Tess Sharpe’s “Far From You” is like any other novel in the Young Adult genre. It has a woefully misunderstood protagonist wronged by her parents and oblivious to the boy who loves her as well as the impending mystery she needs to solve. On top of all this, the main character has a huge secret no one knows about.
The reason each of these elements remain common throughout YA literature, and a lot of literature for that matter, is because they can work so well when constructed properly. “Far From You” lacks the conviction to do this. As a result, a potentially great story about acceptance of oneself ends up a trite compilation of go-to plot lines.
The story follows Sophie Winter’s struggle of kicking her oxycodone addiction while simultaneously grieving the death of her best friend Mina, who was murdered right beside her. “Far From You” begins with a flashback to Mina’s death before picking up in the present with Sophie in a therapy session on her last day in rehab. Typical banter between the ignorant therapist and Sophie ensues, revealing how Sophie ended up there. Both her parents and the police held Sophie responsible for Mina’s murder and wrote it off as a drug deal gone wrong — even though Sophie had been clean for six months at the time.

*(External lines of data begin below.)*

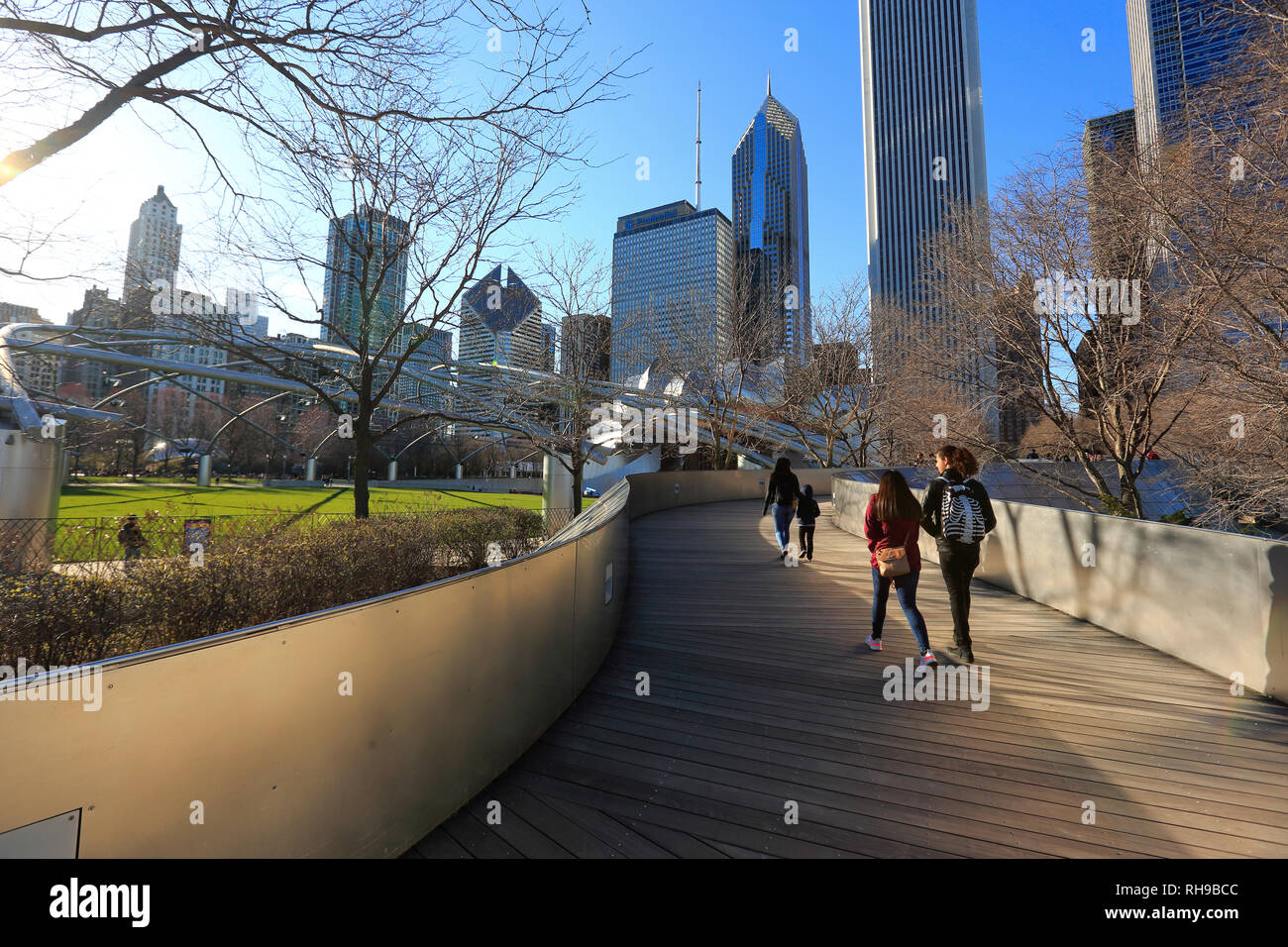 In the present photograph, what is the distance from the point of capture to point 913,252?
45031 millimetres

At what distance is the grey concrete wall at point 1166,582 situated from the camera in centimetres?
432

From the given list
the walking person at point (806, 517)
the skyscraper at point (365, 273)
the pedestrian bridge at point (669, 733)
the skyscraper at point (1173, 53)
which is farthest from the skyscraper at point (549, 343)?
the skyscraper at point (1173, 53)

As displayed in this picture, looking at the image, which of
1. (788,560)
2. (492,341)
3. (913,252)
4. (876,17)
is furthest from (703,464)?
(876,17)

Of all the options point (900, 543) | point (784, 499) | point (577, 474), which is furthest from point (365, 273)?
point (900, 543)

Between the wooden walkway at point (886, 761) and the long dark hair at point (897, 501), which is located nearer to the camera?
the wooden walkway at point (886, 761)

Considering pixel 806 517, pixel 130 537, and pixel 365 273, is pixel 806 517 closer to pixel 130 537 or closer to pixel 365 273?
pixel 365 273

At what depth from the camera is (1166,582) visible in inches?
210

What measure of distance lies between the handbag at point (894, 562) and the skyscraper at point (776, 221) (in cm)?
2254

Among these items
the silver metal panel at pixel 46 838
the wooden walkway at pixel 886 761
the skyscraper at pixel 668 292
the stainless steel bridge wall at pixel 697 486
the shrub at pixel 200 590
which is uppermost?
the skyscraper at pixel 668 292

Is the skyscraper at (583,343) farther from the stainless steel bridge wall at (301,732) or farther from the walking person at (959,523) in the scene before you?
the stainless steel bridge wall at (301,732)

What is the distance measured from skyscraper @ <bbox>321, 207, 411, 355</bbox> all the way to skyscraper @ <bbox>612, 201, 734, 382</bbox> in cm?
977

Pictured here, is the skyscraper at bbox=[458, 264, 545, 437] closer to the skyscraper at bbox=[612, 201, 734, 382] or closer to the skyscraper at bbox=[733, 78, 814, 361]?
the skyscraper at bbox=[612, 201, 734, 382]

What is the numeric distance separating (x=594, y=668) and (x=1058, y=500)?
24.9 m

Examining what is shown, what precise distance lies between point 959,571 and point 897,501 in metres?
0.78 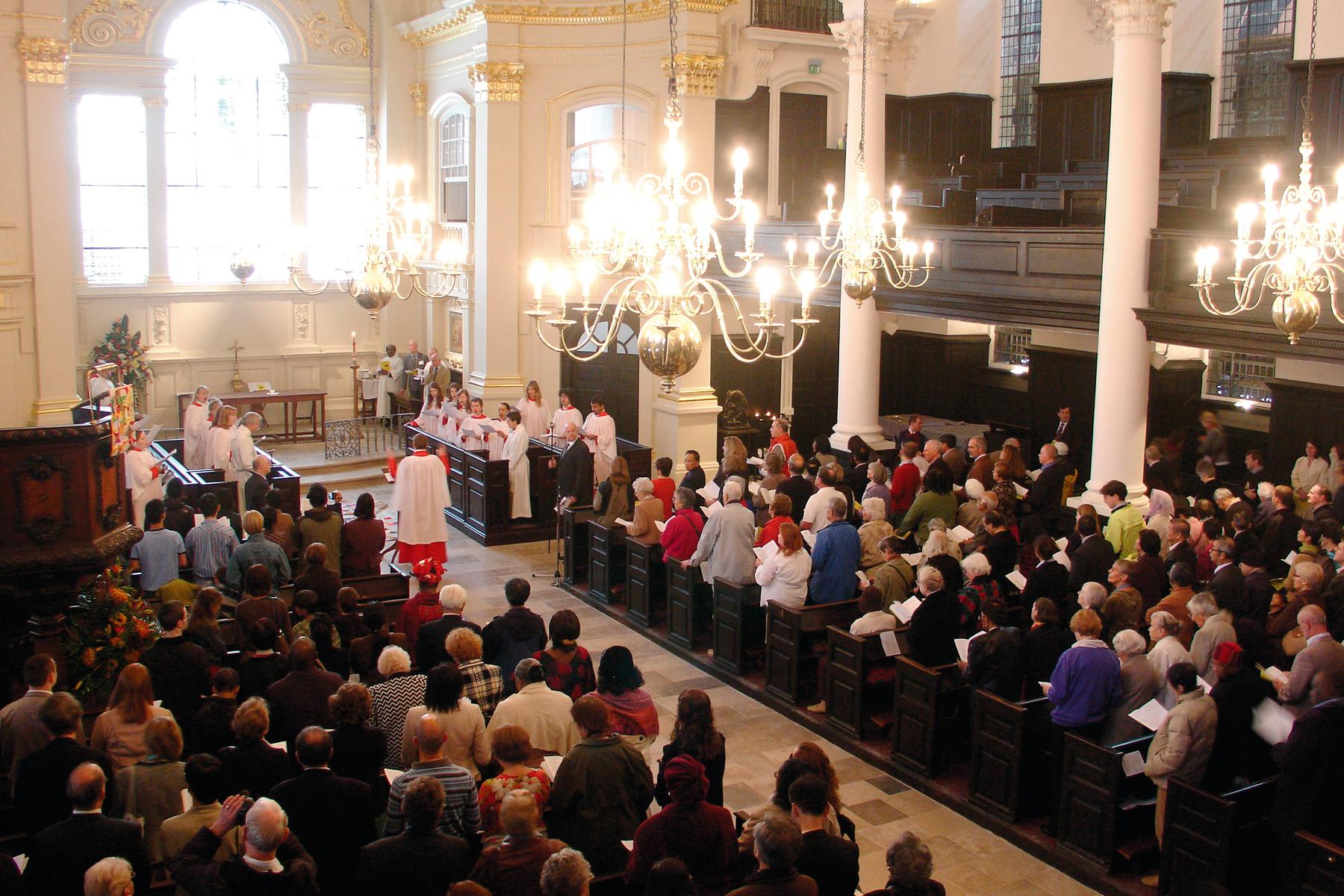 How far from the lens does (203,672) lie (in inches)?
285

As a result, Sophie was court-ordered for three months in rehab and counseling sessions upon her release.
REMAINDER OF THE STORY
At this point, “Far From You” still held promise for me and the remainder of the story. The narrative quality plummets when Sophie goes to her first post-rehab counseling appointment. When the therapist asks Sophie why Mina’s death upsets her so much, she begins remembering what their relationship was like. Within the first couple chapters, the giant secret Sophie has kept becomes blatantly obvious to any reader who can put two and two together — she was in love with Mina.
A MYSTERY ELEMENT
From there on, Sharpe introduces a mystery element to the story and Sophie becomes a detective as she tries to figure out who murdered Mina. She receives help from Mina’s older brother, the boy crazy in love with her, and the two eventually find out the shocking truth behind the murder. While murder mysteries need the element of surprise, “Far From You” somehow ended up out of left field and painfully obvious at the same time. The motivation did not seem believable because the suspects were made clear from the start. This lack of cohesive story development seemed to be the common thread through the novel.
I was sorely disappointed with the lack of depth with which Sharpe wrote her characters. I honestly believe if each was more complex and not as shallow as a kiddie pool, “Far From You” could have made a gripping and beautiful story. The book was a page turner, not because I could not wait to find out what happened, but because it was so simply written.